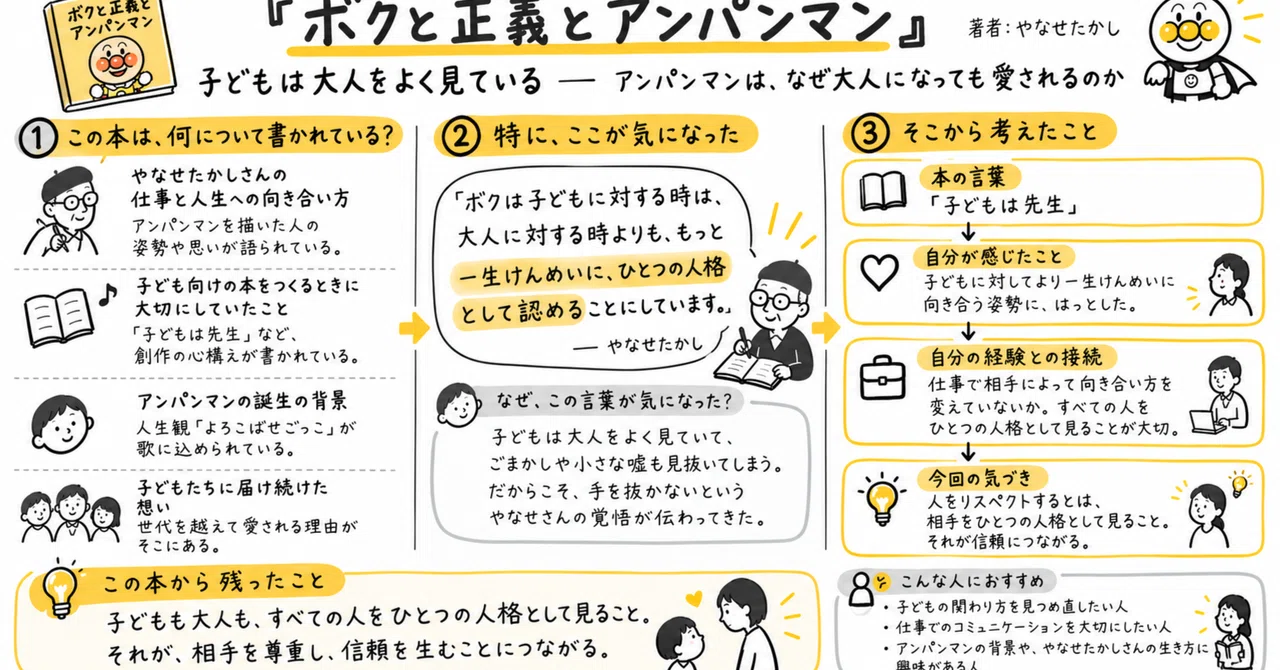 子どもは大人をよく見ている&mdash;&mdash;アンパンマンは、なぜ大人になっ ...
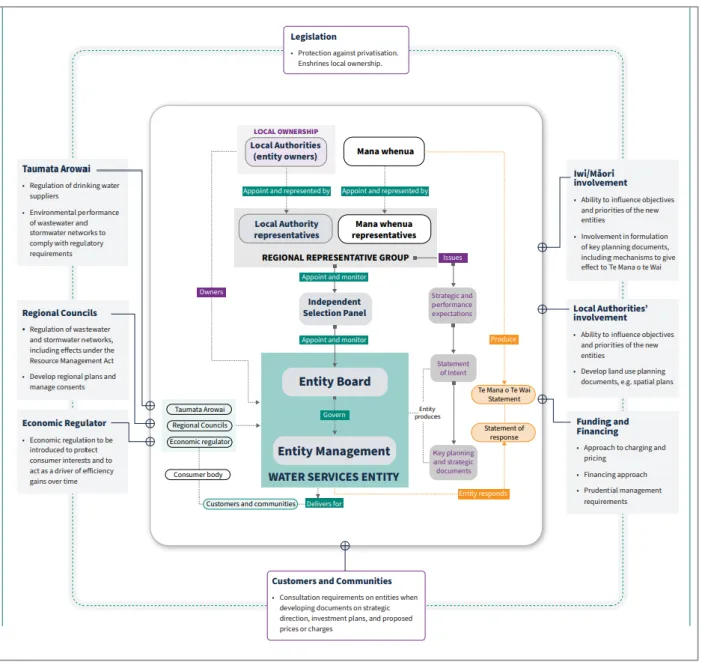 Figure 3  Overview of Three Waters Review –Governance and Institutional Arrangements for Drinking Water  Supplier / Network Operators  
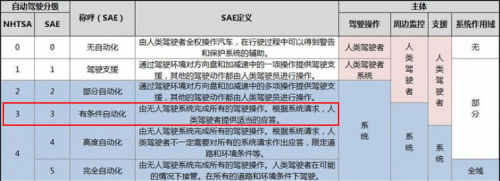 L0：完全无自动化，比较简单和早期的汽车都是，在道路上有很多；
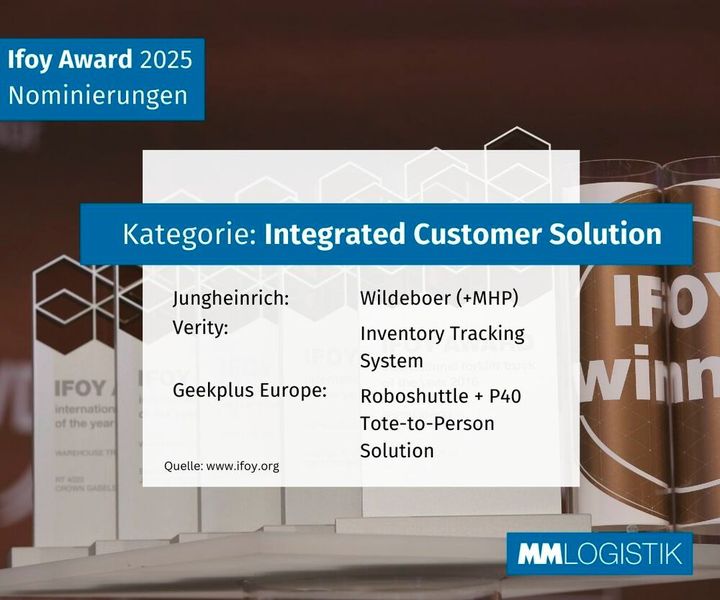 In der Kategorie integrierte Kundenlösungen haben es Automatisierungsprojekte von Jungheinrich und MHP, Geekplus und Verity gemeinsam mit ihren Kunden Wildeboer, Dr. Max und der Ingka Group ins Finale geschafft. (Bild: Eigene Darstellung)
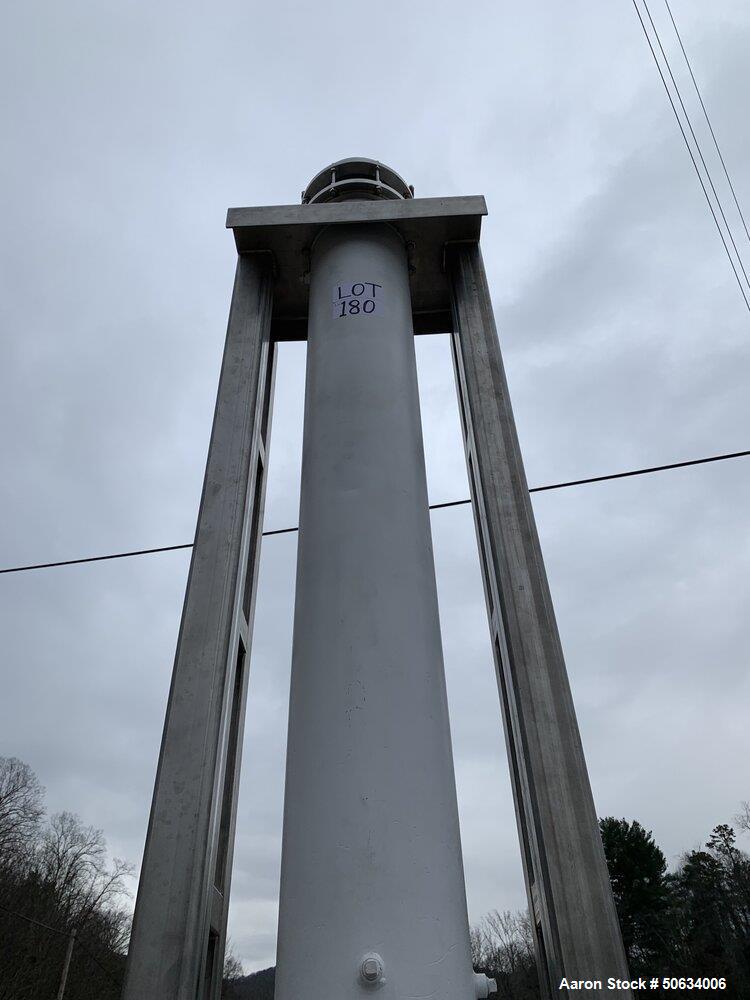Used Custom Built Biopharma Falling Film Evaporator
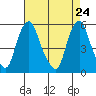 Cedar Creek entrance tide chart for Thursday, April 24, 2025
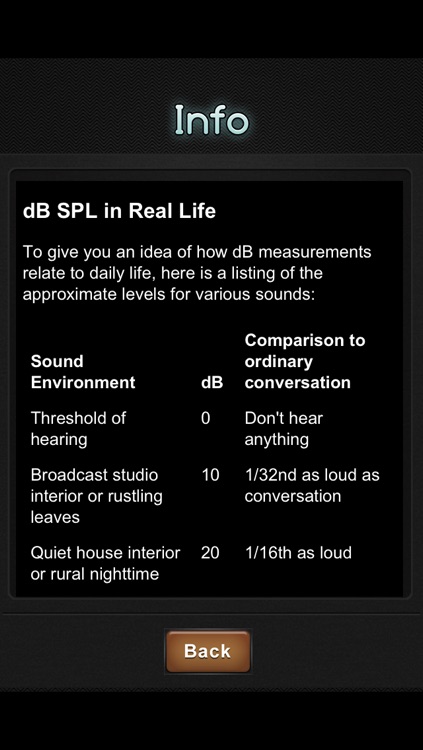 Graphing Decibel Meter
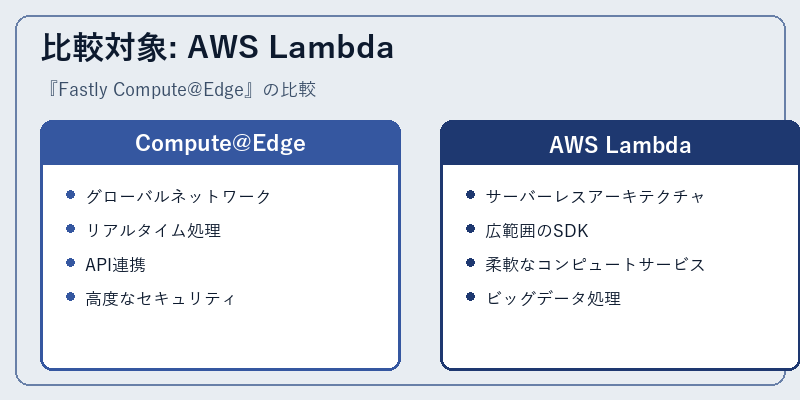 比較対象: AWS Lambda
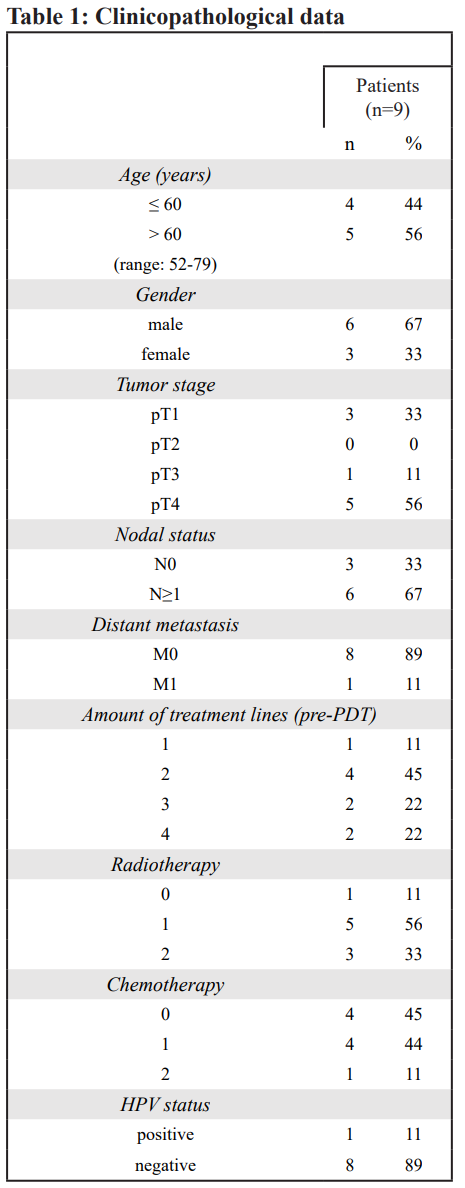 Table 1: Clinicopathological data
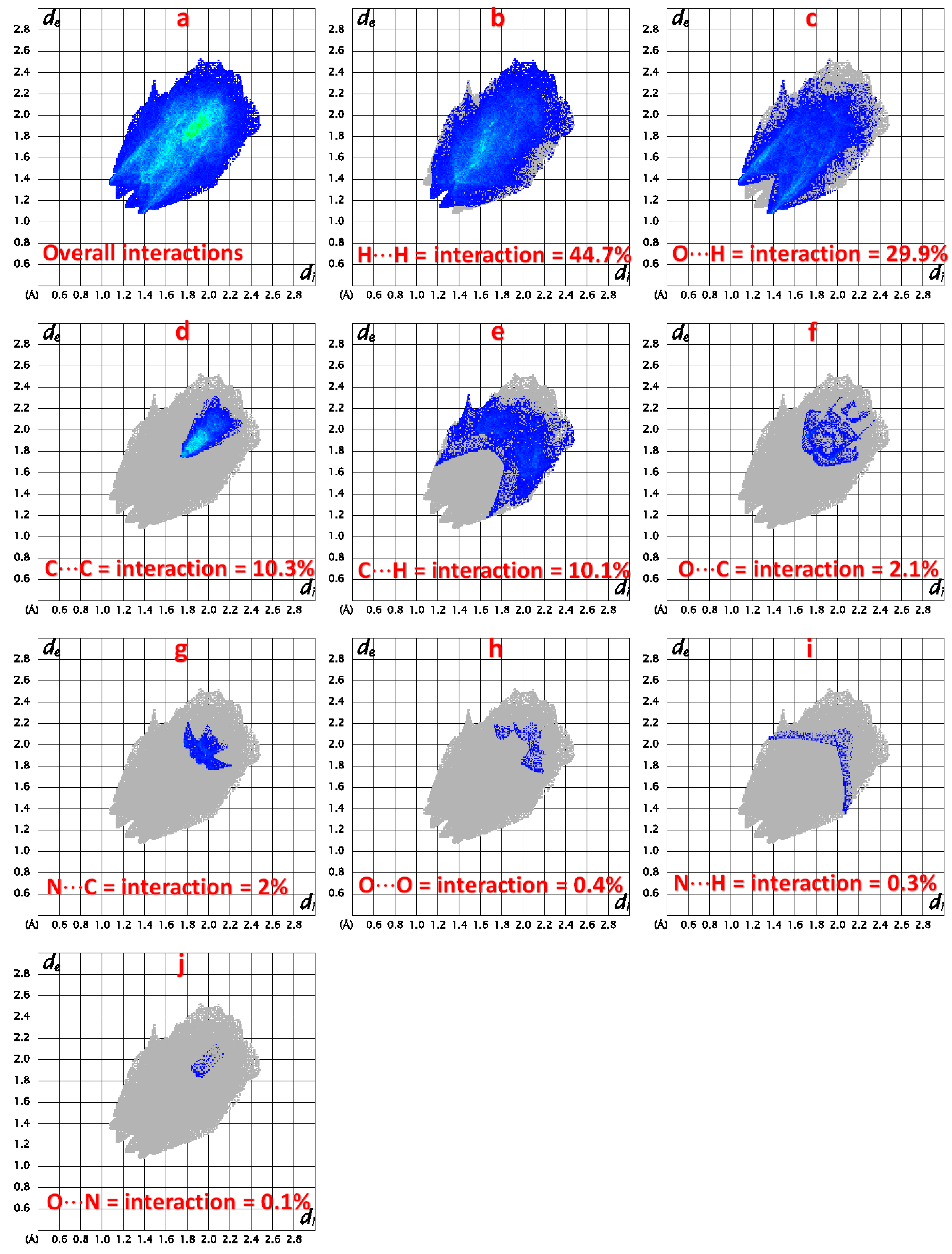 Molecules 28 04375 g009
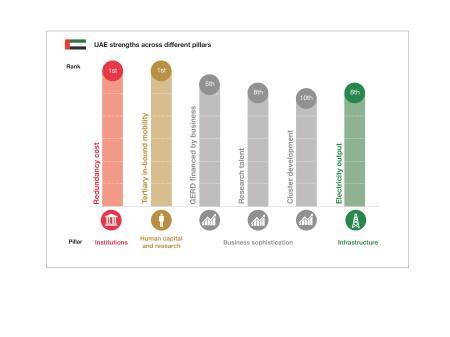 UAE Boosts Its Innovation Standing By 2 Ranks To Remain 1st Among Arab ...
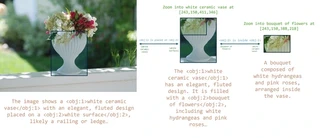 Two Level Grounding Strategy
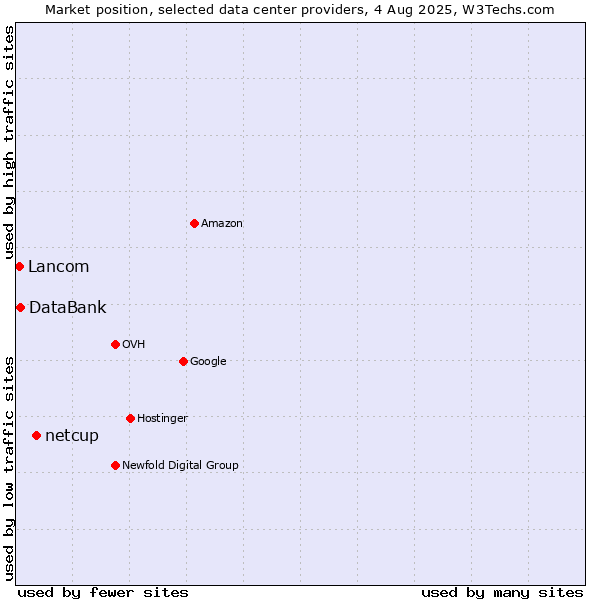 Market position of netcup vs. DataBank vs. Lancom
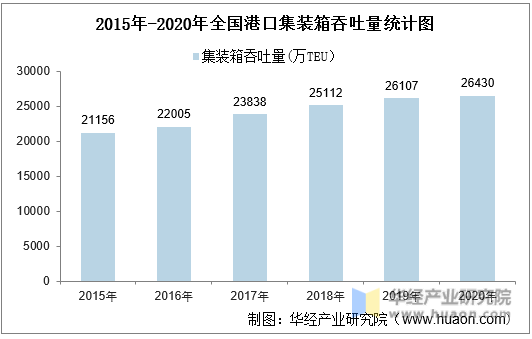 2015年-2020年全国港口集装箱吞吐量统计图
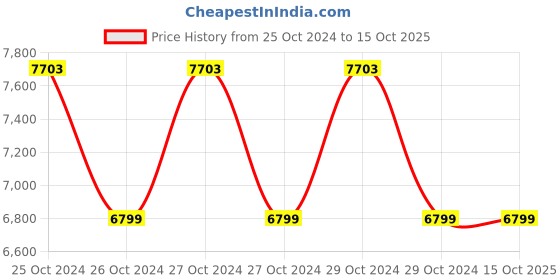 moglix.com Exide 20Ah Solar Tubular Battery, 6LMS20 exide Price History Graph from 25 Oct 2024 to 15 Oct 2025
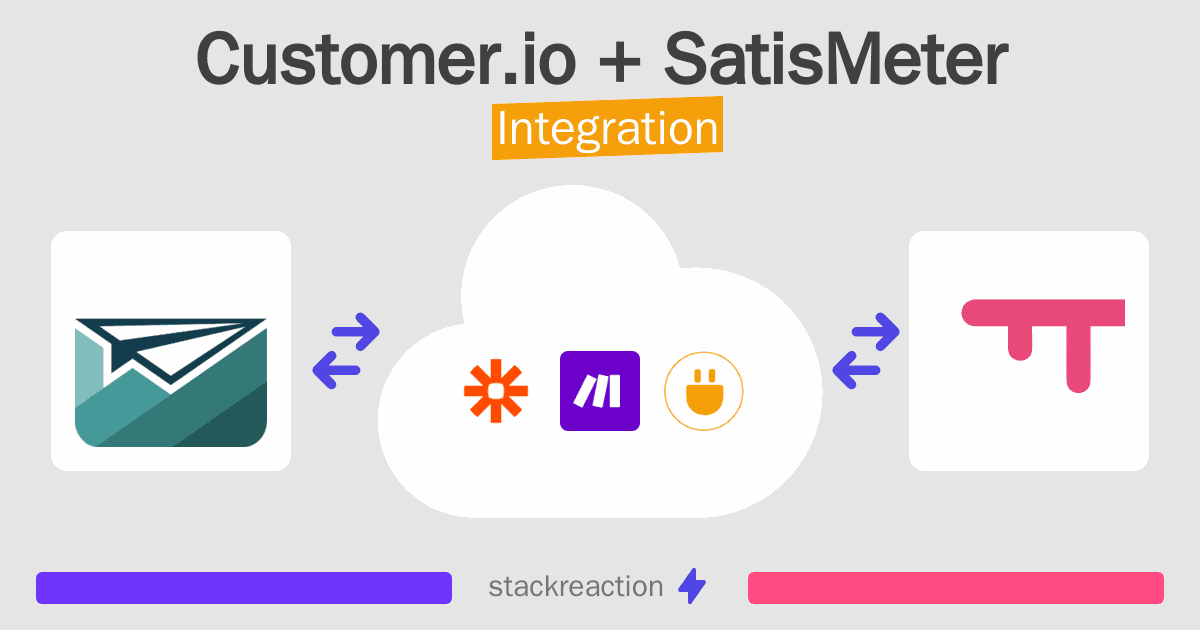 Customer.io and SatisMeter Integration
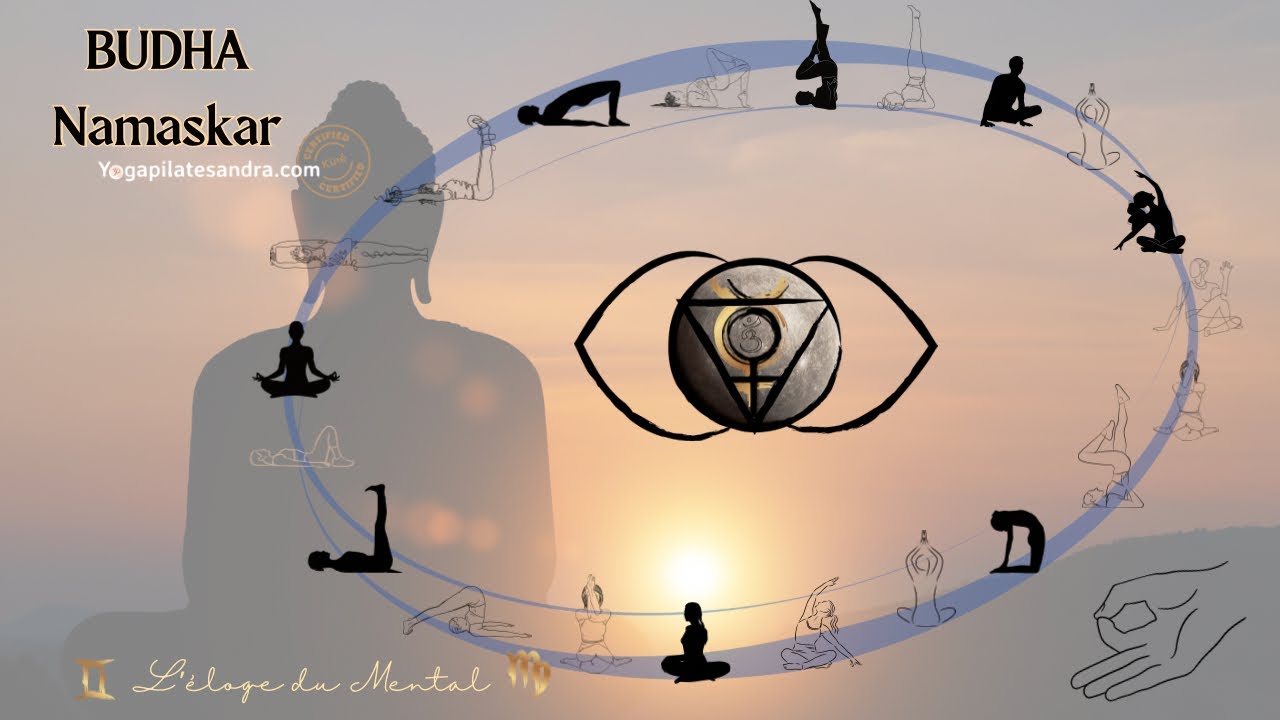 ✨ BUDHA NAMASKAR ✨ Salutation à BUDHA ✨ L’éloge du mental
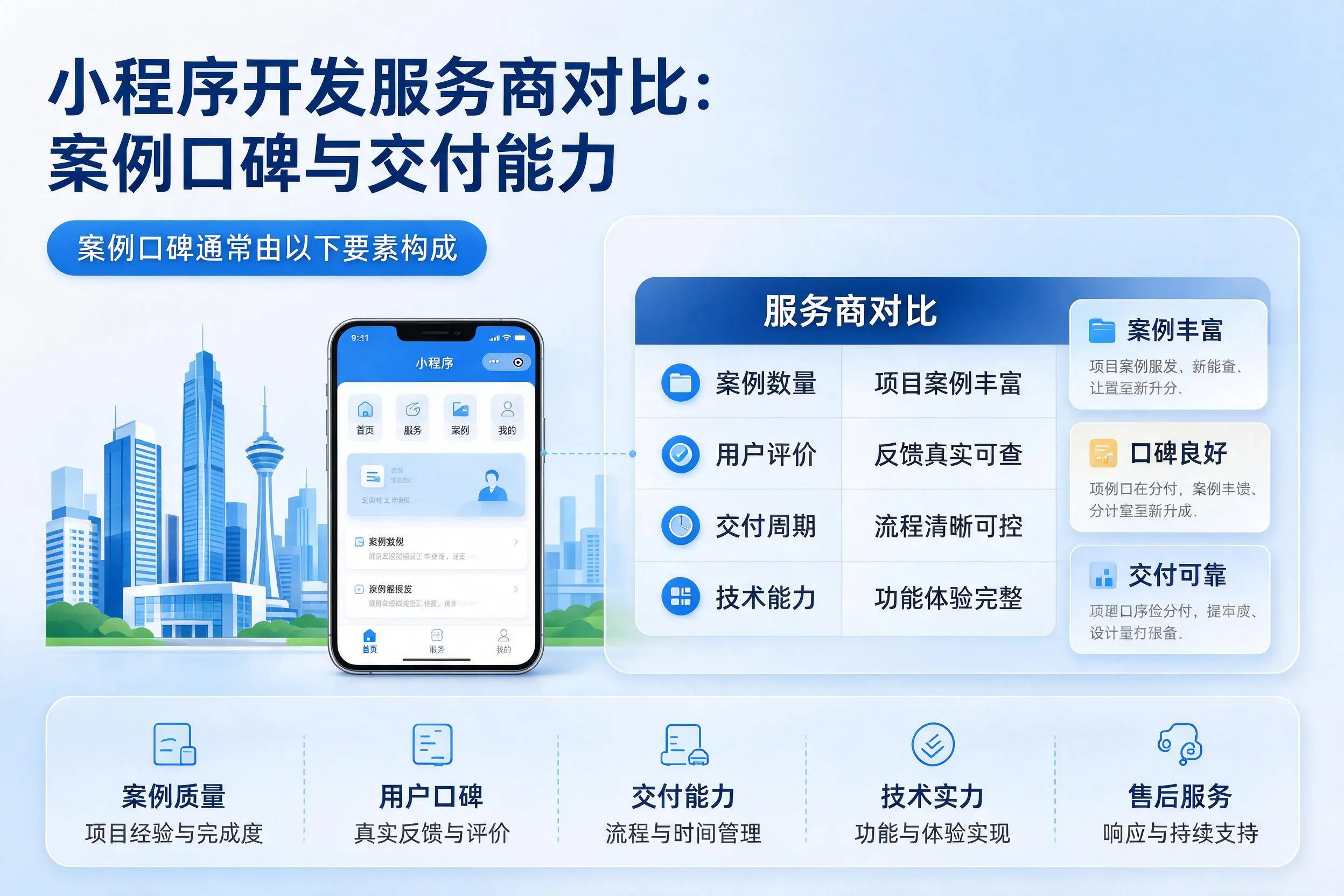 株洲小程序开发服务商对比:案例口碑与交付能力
++++++++
:: TASK DIRECTIONS ::
The copy should hold exactly the lines from the line containing "Molecules 28 04375 g009" through the end of the data, both ends included, and no pictures.

:: ANSWER FOR THIS EXERCISE ::
 Molecules 28 04375 g009
 UAE Boosts Its Innovation Standing By 2 Ranks To Remain 1st Among Arab ...
 Two Level Grounding Strategy
 Market position of netcup vs. DataBank vs. Lancom
 2015年-2020年全国港口集装箱吞吐量统计图
 moglix.com Exide 20Ah Solar Tubular Battery, 6LMS20 exide Price History Graph from 25 Oct 2024 to 15 Oct 2025
 Customer.io and SatisMeter Integration
 ✨ BUDHA NAMASKAR ✨ Salutation à BUDHA ✨ L’éloge du mental
 株洲小程序开发服务商对比:案例口碑与交付能力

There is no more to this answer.